## Exercise description:
Would you restate every entry that follows, word for word, and leave out the pictures?

*** Supplied data ***

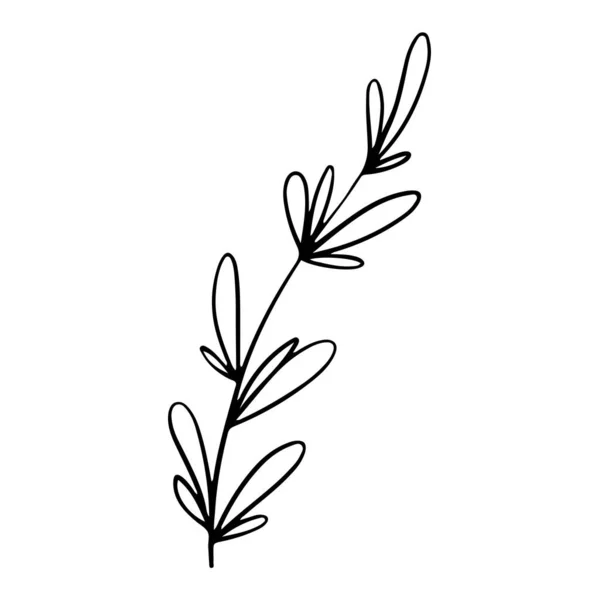 Cyfrowa Ilustracja Uroczego Czarnego Konturu Doodle Wiosenna Gałązka Tematyczna Liśćmi — Zdjęcie stockowe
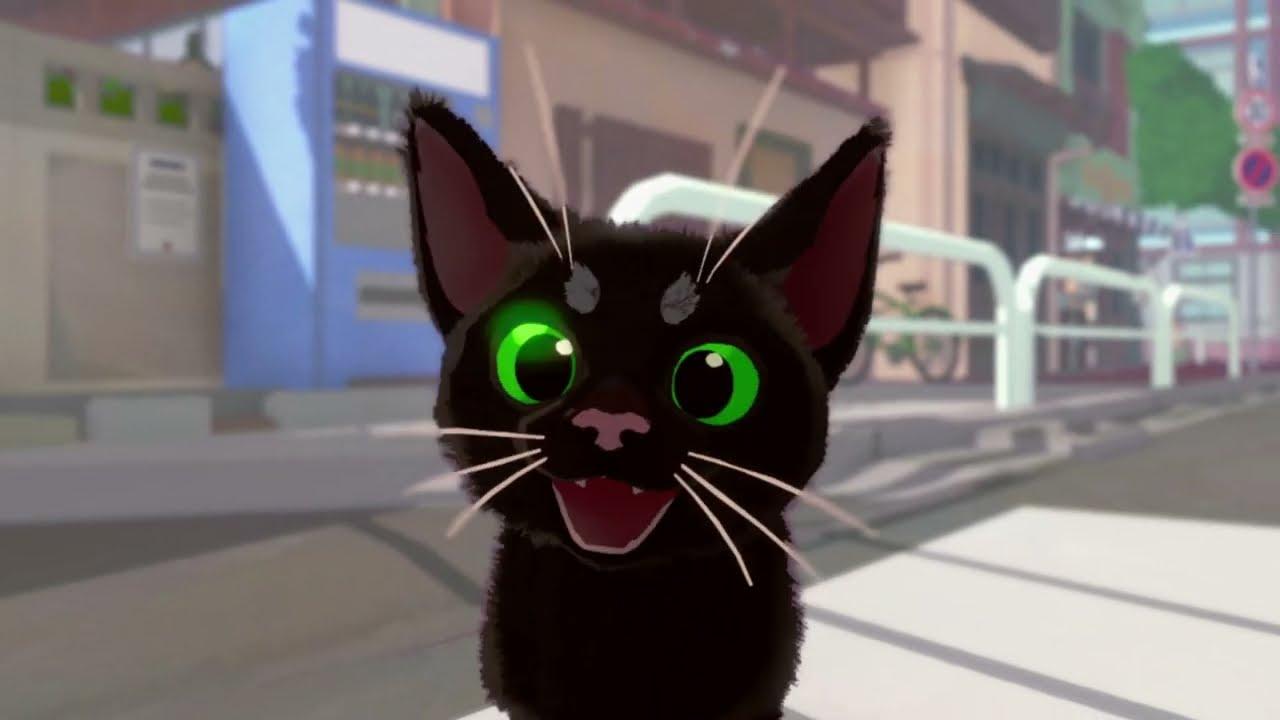 Little Kitty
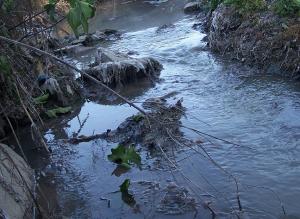 Aguas fecales en Cijuela.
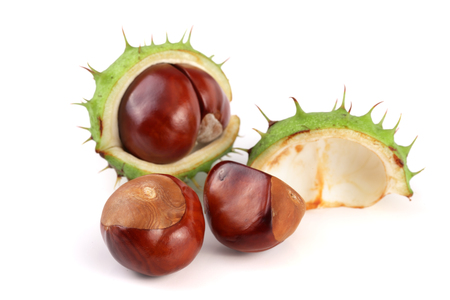 chestnut in the skin isolated on white background closeup.の写真素材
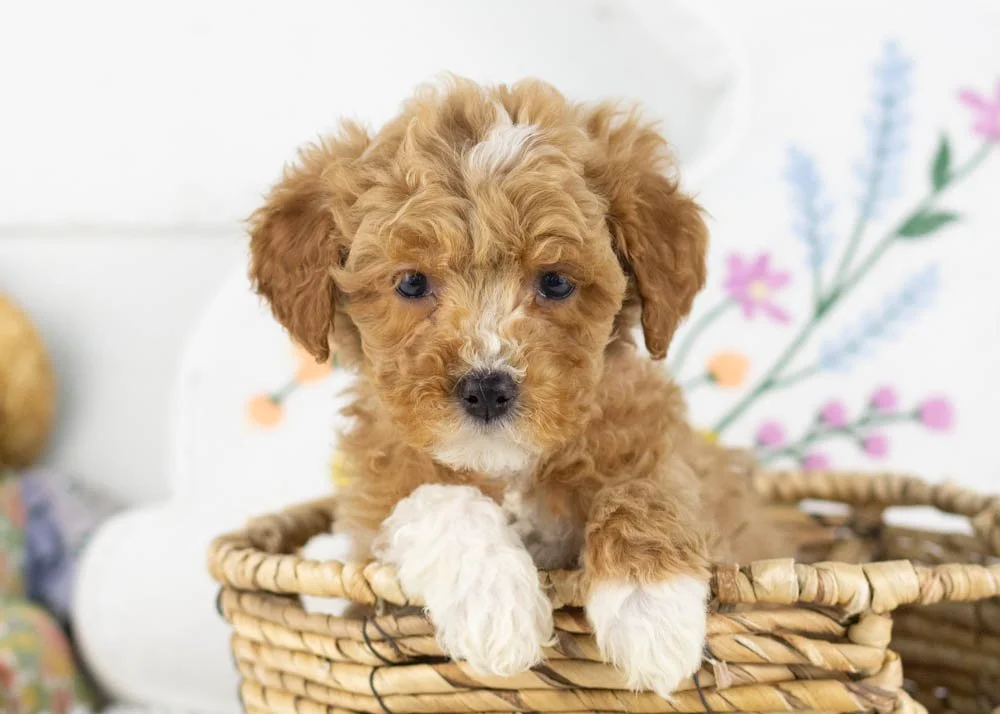 goldendoodle for sale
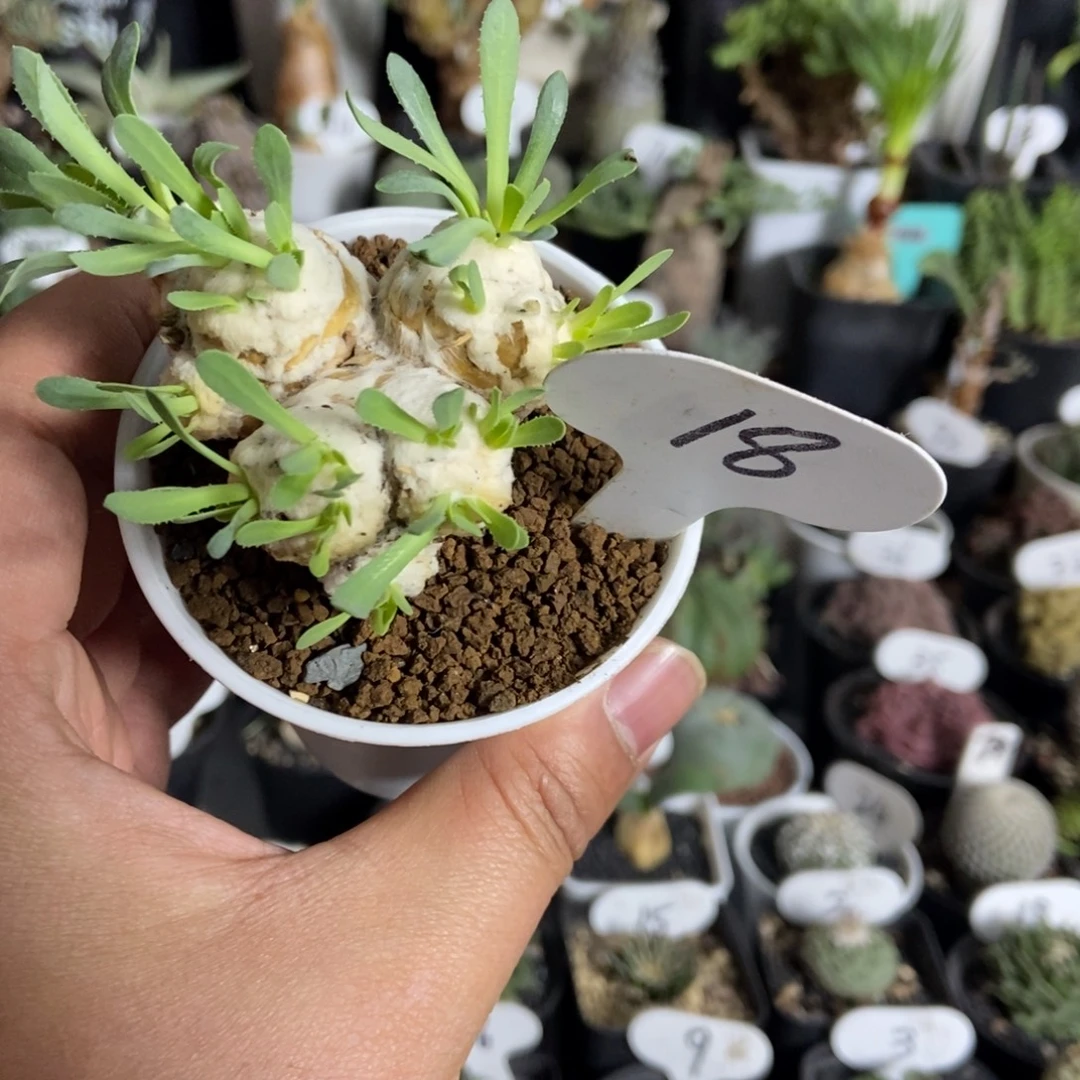 刨花后盾菊一物一拍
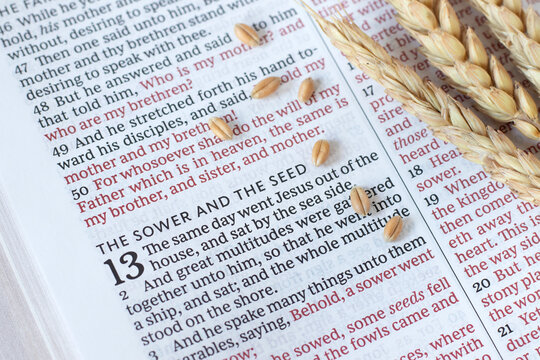Wheat seeds on holy bible book. Close-up. Gospel parable of the sower, Christian biblical concept.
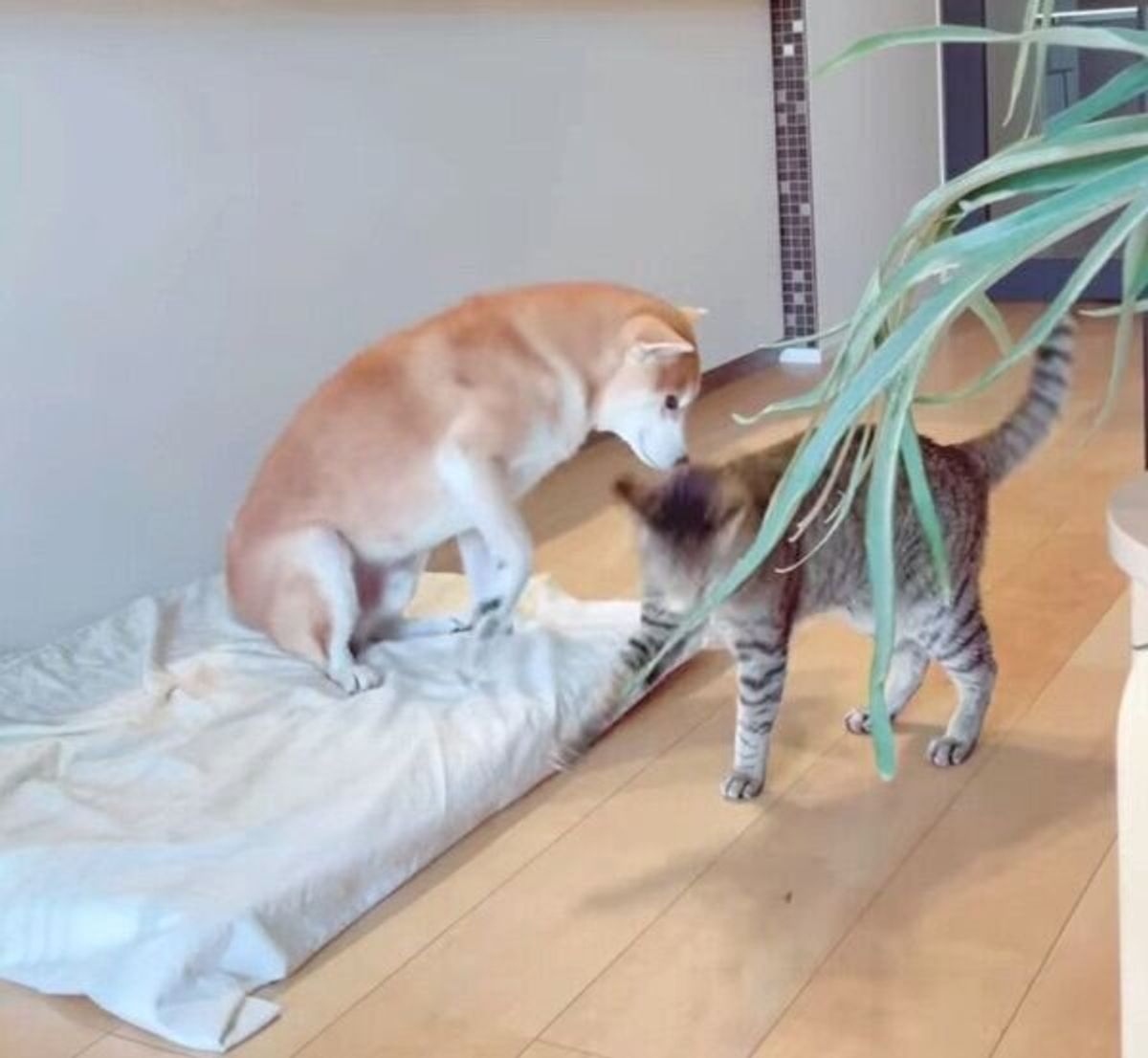 ついてこい って感じに見える 同居犬に空振りの猫パンチをする猫のナゾ行動に笑っちゃう ねこのきもちweb Magazine ついてこい って感じに見える 同居犬に空振りの猫パンチをする猫のナゾ行動に笑っちゃう ねこのきもちweb Magazine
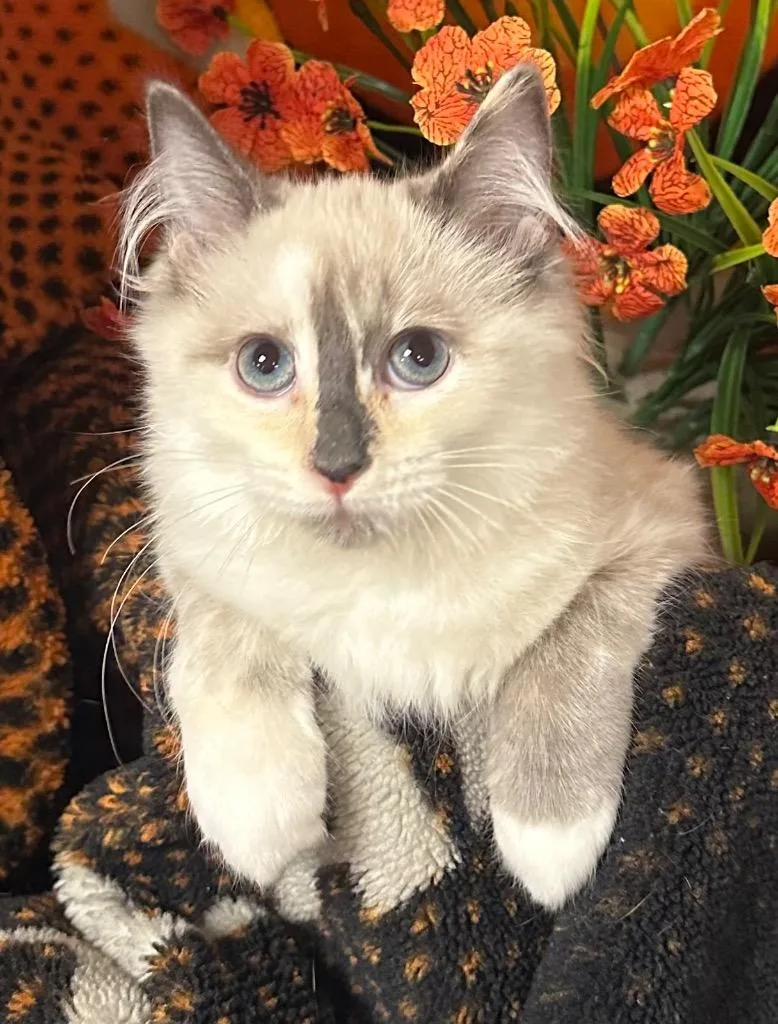 A baby small-sized female Domestic Short Hair cat named Dottie for adoption in Stillwater, OK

*** End of Supplied data ***

## Task response:
 Cyfrowa Ilustracja Uroczego Czarnego Konturu Doodle Wiosenna Gałązka Tematyczna Liśćmi — Zdjęcie stockowe
 Little Kitty
 Aguas fecales en Cijuela.
 chestnut in the skin isolated on white background closeup.の写真素材
 goldendoodle for sale
 刨花后盾菊一物一拍
Wheat seeds on holy bible book. Close-up. Gospel parable of the sower, Christian biblical concept.
 ついてこい って感じに見える 同居犬に空振りの猫パンチをする猫のナゾ行動に笑っちゃう ねこのきもちweb Magazine ついてこい って感じに見える 同居犬に空振りの猫パンチをする猫のナゾ行動に笑っちゃう ねこのきもちweb Magazine
 A baby small-sized female Domestic Short Hair cat named Dottie for adoption in Stillwater, OK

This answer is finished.